◆ THE PROBLEM ◆
Repeat every record below exactly, omitting any pictures.

◆ TASK DATA ◆
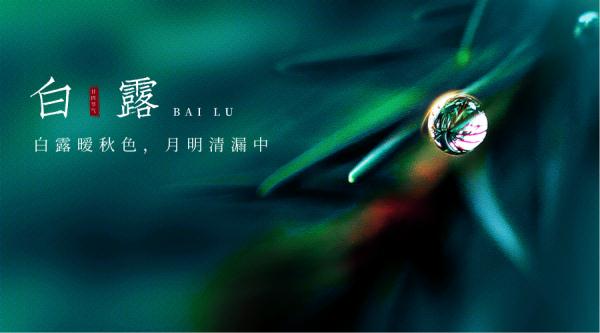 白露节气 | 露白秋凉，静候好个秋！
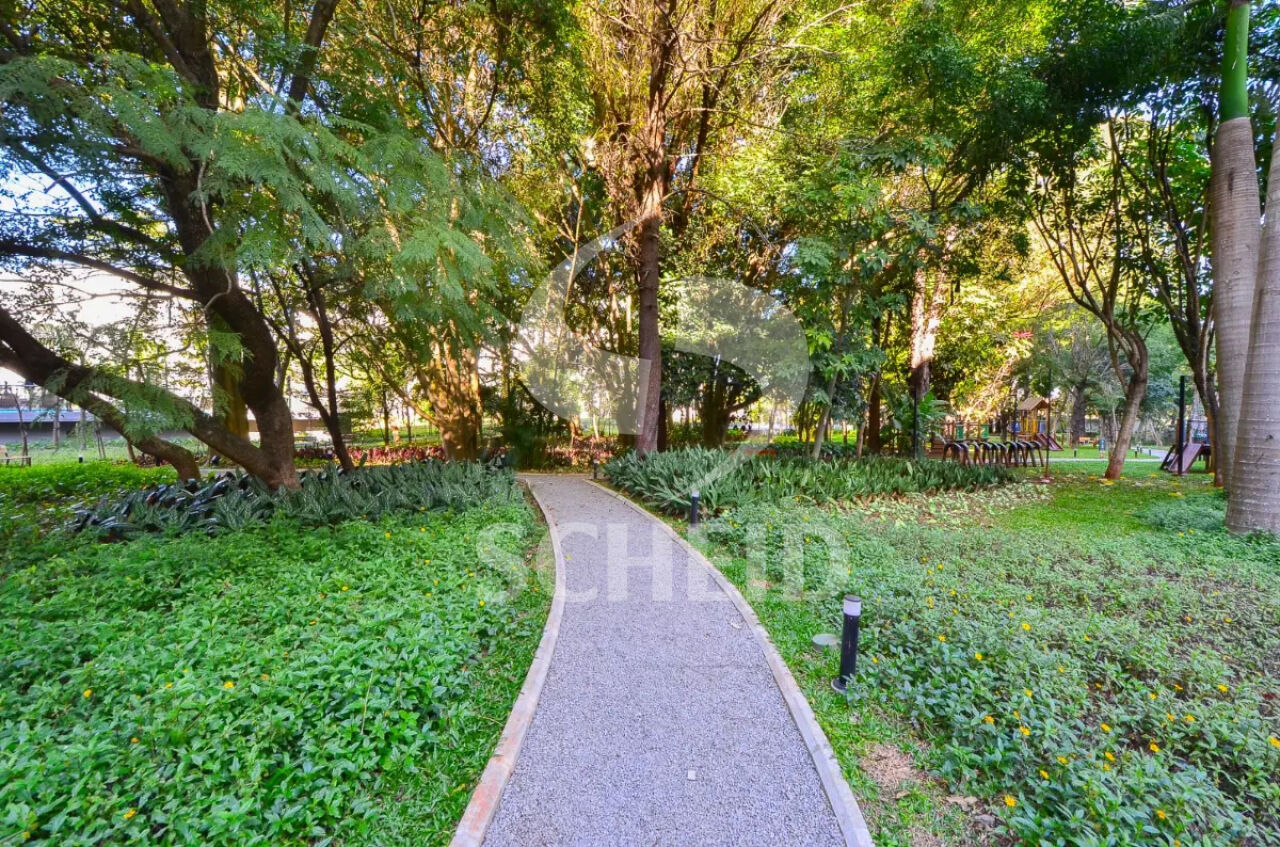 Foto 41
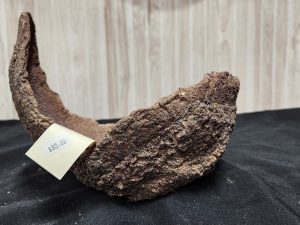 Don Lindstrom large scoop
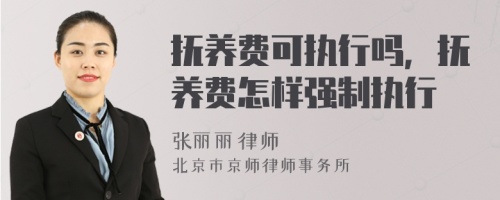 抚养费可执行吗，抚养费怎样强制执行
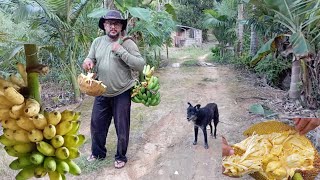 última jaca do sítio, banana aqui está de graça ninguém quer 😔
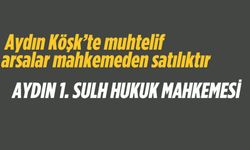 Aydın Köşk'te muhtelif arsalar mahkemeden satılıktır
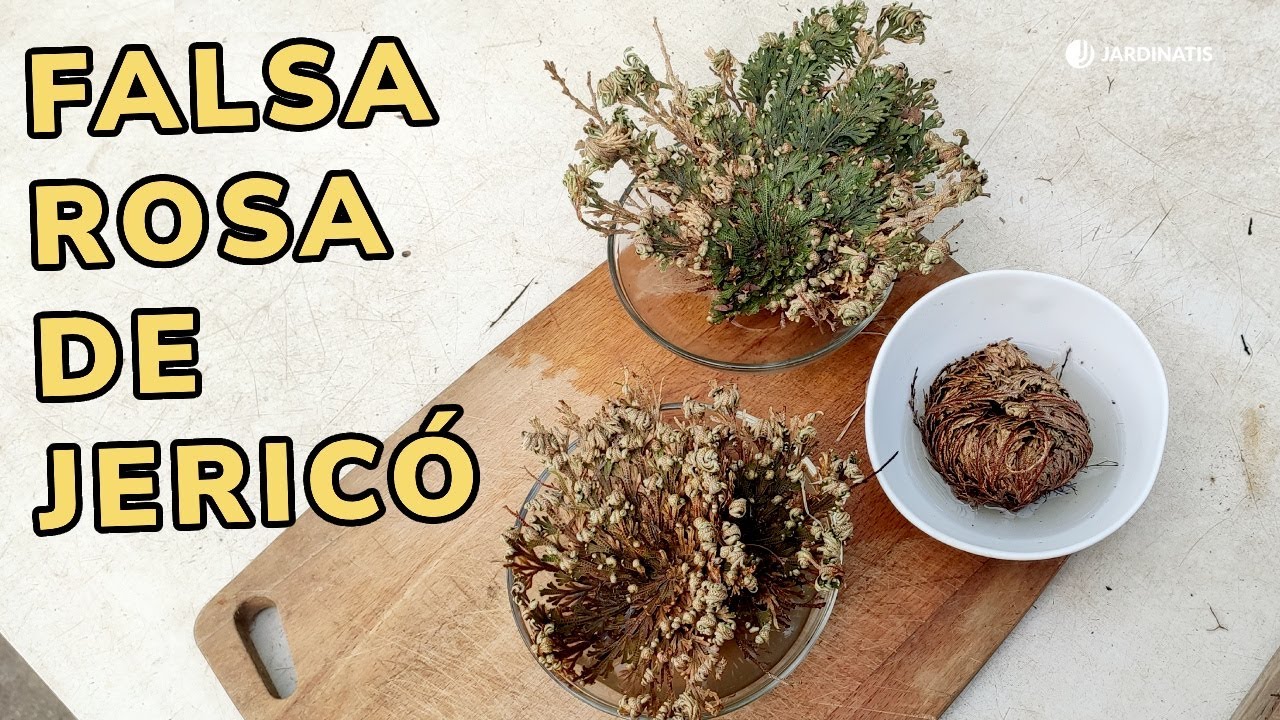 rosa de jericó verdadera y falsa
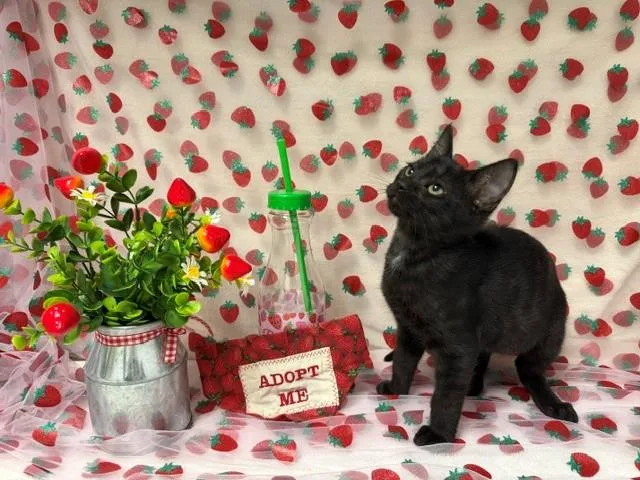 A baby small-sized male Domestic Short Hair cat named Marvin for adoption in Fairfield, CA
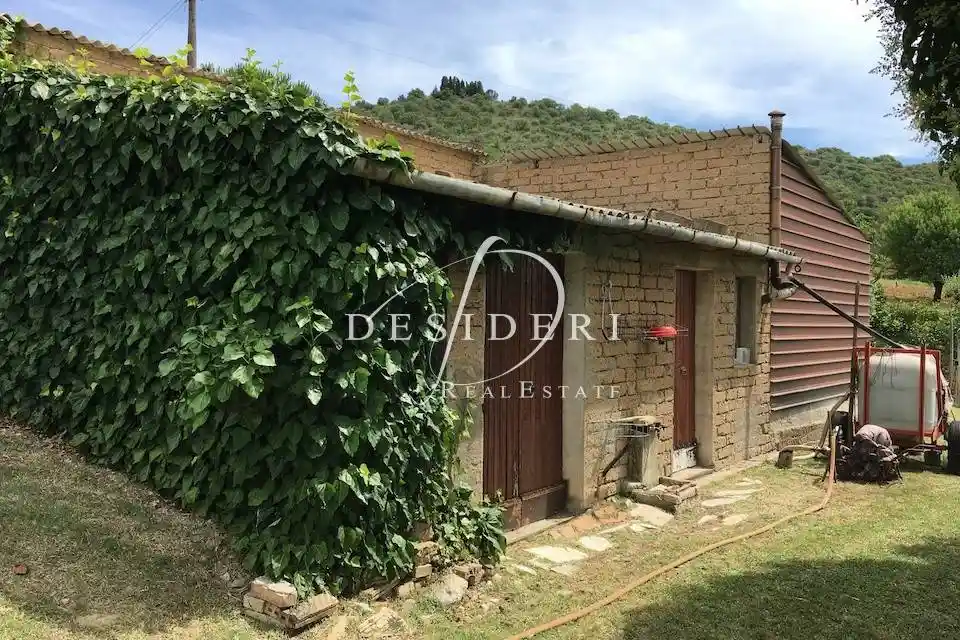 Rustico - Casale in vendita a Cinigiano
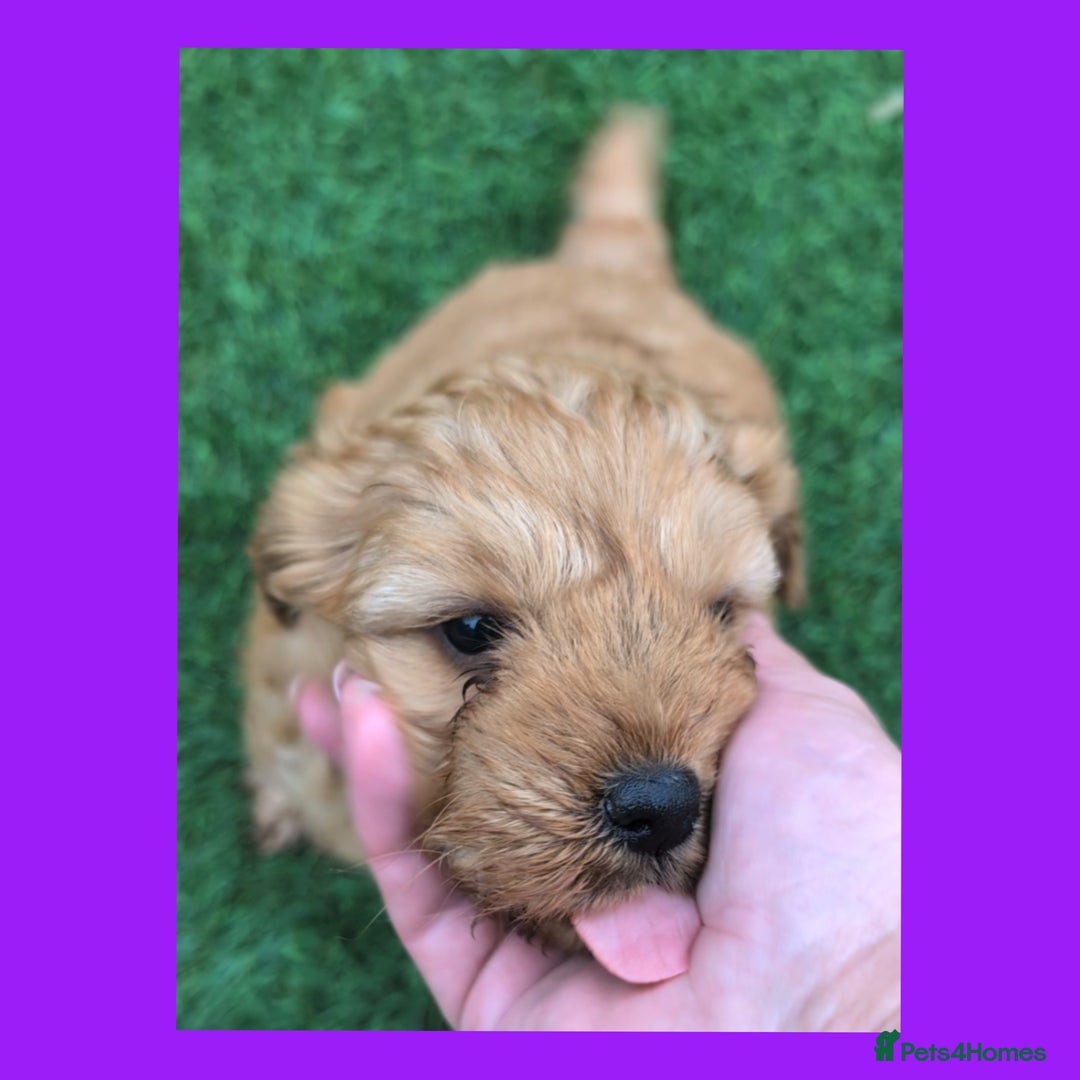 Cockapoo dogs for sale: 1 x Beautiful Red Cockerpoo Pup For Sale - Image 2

◆ RESPONSE TO THIS TASK ◆
 白露节气 | 露白秋凉，静候好个秋！
 Foto 41
 Don Lindstrom large scoop
 抚养费可执行吗，抚养费怎样强制执行
 última jaca do sítio, banana aqui está de graça ninguém quer 😔
 Aydın Köşk'te muhtelif arsalar mahkemeden satılıktır
 rosa de jericó verdadera y falsa
 A baby small-sized male Domestic Short Hair cat named Marvin for adoption in Fairfield, CA
 Rustico - Casale in vendita a Cinigiano
 Cockapoo dogs for sale: 1 x Beautiful Red Cockerpoo Pup For Sale - Image 2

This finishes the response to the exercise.